In 2006, Stanford was irrelevant in college football. When it lost 42-0 to USC on Nov. 4, the only angle of interest was the Trojans bouncing back after a 32-game regular-season winning streak ended at Oregon State the week before.

The Cardinal would finish 1-11, and coach Walt Harris got the boot. Enter Jim Harbaugh.

Jim Harbaugh
Then-coach Jim Harbaugh, back center, celebrates Stanford's 24-23 upset of USC in 2007.
Suffice it to say that the USC-Stanford rivalry, which the Trojans had dominated under Pete Carroll, last losing in 2001, would ramp up in intensity. Roles shortly would reverse. And, best of all, it also would get a heck of a lot more colorful.

In 2007, USC was ranked No. 2 in the nation when Stanford came to the Coliseum, where the Trojans had won 35 consecutive games. They were a 41-point favorite against the lowly Cardinal, which was forced to start backup quarterback Tavita Pritchard because starter T.C. Ostrander had suffered a seizure in a restaurant just days before.

But Pritchard threw a 10-yard touchdown pass on fourth-and-goal with 49 seconds remaining, giving Stanford a 24-23 victory, one of the monumental upsets in college football history.
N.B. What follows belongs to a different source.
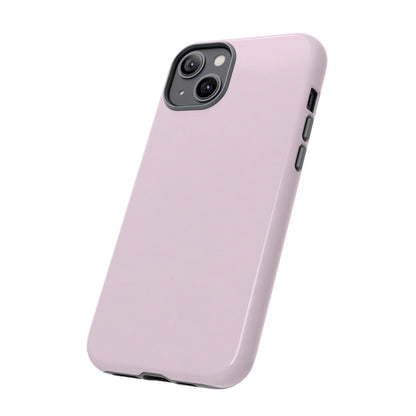 Classic Baby Pink Tough Cases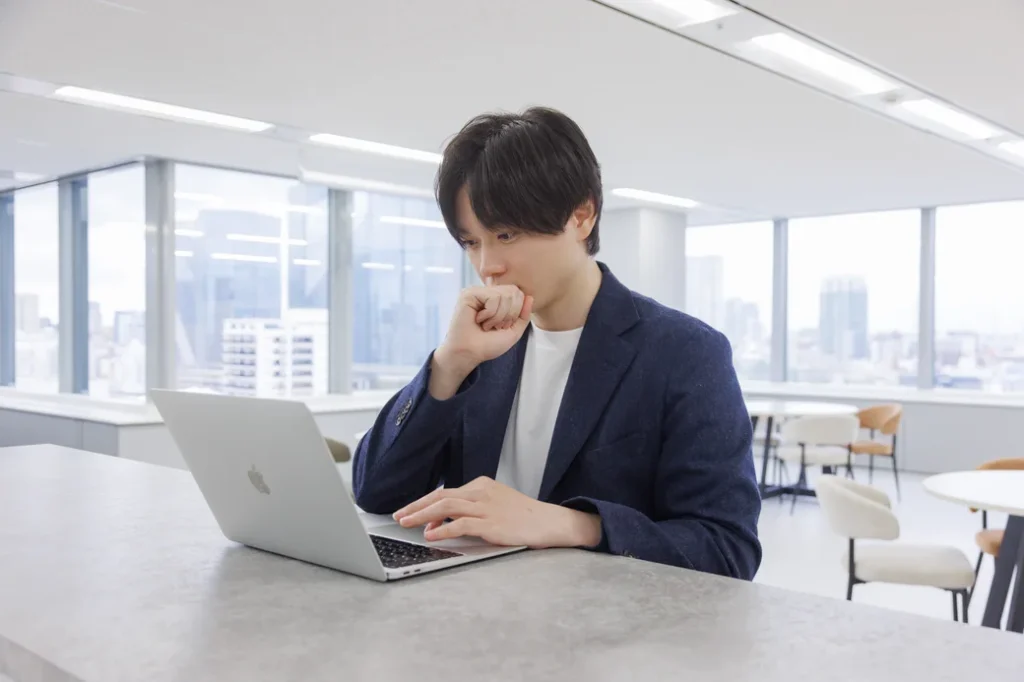 マーケティング職種のイメージ画像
The Trojans again rolled over Stanford in 2008, 45-23. They went on to win the Rose Bowl -- again -- and Stanford finished with a losing record for a seventh consecutive season. The planets had realigned, right?

Ah, but that wasn't the deal, was it? Harbaugh's Cardinal transformed in 2009, with Toby Gerhart and a power running attack and a young quarterback by the name of Andrew Luck. That team went to the Coliseum and scored 27 fourth-quarter points, transforming a seven-point game into a 55-21 blowout. And with 6:47 left and the Cardinal up 17, Harbaugh elected to go for two. Why?

"I just honestly thought there was an opportunity coming off the ball, the way our backs were running and the way we were playing," Harbaugh said after the game.

In other words: Because we could.

That reality is what Lane Kiffin inherited when he replaced Carroll. It wasn't the same as from 2001 to 2006, when he was a Trojans assistant and Stanford was a foe that offered little resistance.

"It obviously has changed a lot and balanced back out, which was very different from when we were here a year before," Kiffin said.

Before last year's game, the way Stanford had won -- running up the score -- was a big issue. Kiffin saw it on film, for one. And, yes, everyone asked about it, reminding him of the testy handshake between Carroll and Harbaugh that's best remembered for Carroll asking Harbaugh, "What's your deal?" But that celebrated exchange mostly falls on Carroll's being disgruntled. What's not often noted is how before meeting Carroll at midfield, Harbaugh pointedly made fun of the Trojans as they quickly scampered up the Coliseum tunnel. "Look at them all running in! Look at them all running in!" he said to himself -- and to a large TV camera just in front of him.

New Stanford coach David Shaw was the Cardinal's offensive coordinator for that game. He's previously cited that game as his favorite example of his program's physical style. And there is plenty of insider scuttlebutt that Shaw, although far more polished than the rough-around-the-edges Harbaugh, enjoys pounding opponents as much as Harbaugh did. Still, Shaw waves away an opportunity to recall the fourth-quarter thinking in 2009.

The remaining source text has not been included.